Diaphragm wall is a reinforced concrete structure constructed in-situ panel by panel. The wall is usually designed to reach very great depth, sometimes up to 50m.
The following are the steps:
- Guide wall – These are two parallel concrete beams constructed along the side of the wall as a guide to the clamshell which is used for the excavation of the diaphragm wall trenches.
Trench excavation – In normal soil condition excavation is done using a clamshell or grab suspended by cables to a crane. The grab can easily cut through soft ground. In case of encountering boulders, a gravity hammer (chisel) will be used to break the rock and then take the spoil out using the grab.
Excavation support – The sides inside the trench cut can collapse easily. Bentonite slurry is used to protect the sides of soil.

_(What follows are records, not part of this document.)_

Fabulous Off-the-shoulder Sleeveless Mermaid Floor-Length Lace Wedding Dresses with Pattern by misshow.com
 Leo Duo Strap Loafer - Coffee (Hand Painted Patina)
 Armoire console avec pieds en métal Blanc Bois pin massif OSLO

Bentonite is a specially selected fine clay.The slurry will produce a great lateral pressure sufficient enough to retain the vertical soil.
Reinforcement – Reinforcement is inserted in the form of a steel cage, but may be required to lap a few sections in order to reach the required length.

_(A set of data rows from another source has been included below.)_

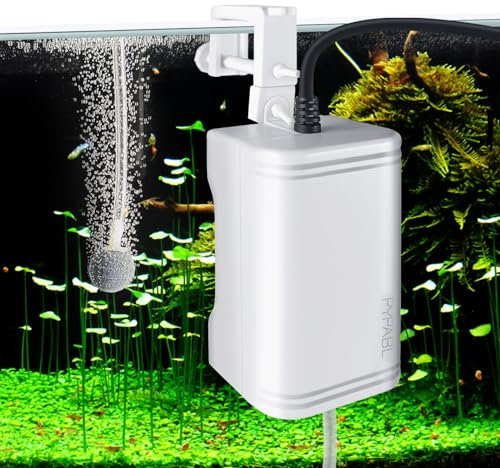 PYPABL Mini Pompe à Air d'Aquarium, 1,5W 2,5W Pompe à Oxygène d'Aquarium Suspendue, Bulleur Aquarium Silencieux pour Aquarium jusqu'à 230L (1 Sortie)
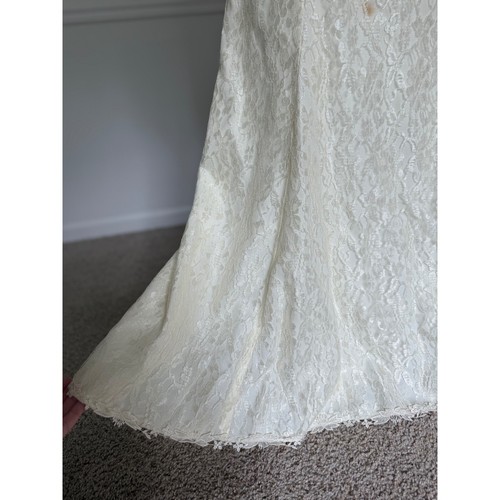 Vintage Wedding Dress ivory High Neck Long Sleeve Bridal Gown beaded size XS S - Picture 10 of 12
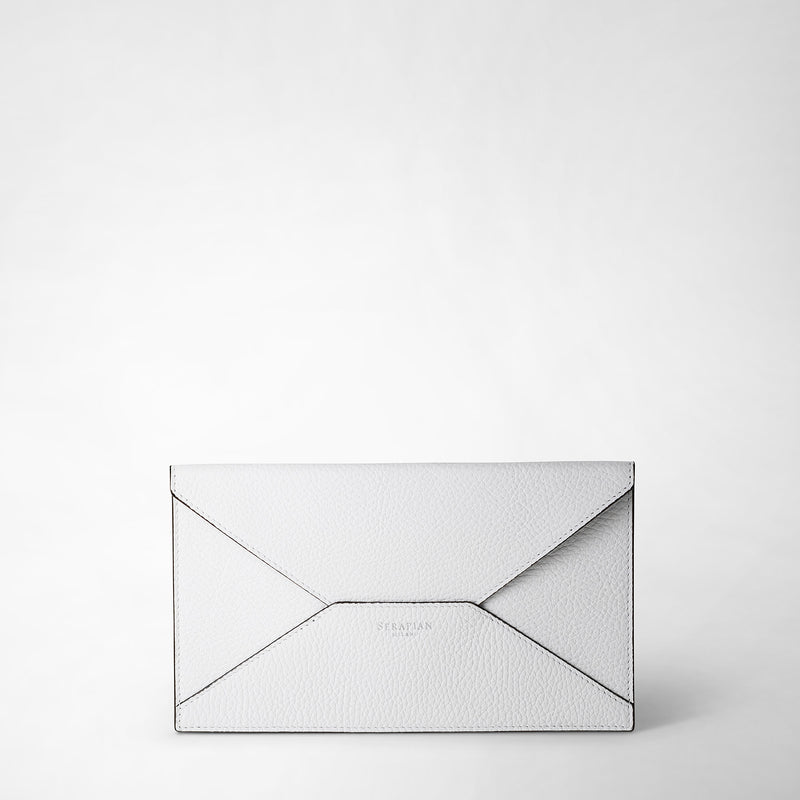 Pouch in cachemire leather - white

Concreting – The placing of concrete is done using tremie pipes to avoid the segregation of concrete. As Concrete being poured down, bentonite will be displaced due to its lower density than
Joining for the diaphragm wall panel – Diaphragm wall cannot be constructed continually for a very long section due to limitation and size of the mechanical plant. The wall is usually constructed in alternative section. Two stop end tubes will be placed at the ends of the excavated trench before concreting. The tubes are withdrawn at the same time of concreting so that a semi-circular end section is formed. Wall sections are formed alternatively leaving an intermediate section in between. The in-between sections are built similarly afterward but without the end tube. At the end a continual diaphragm wall is constructed with the panel sections tightly joined by the semi-circular groove.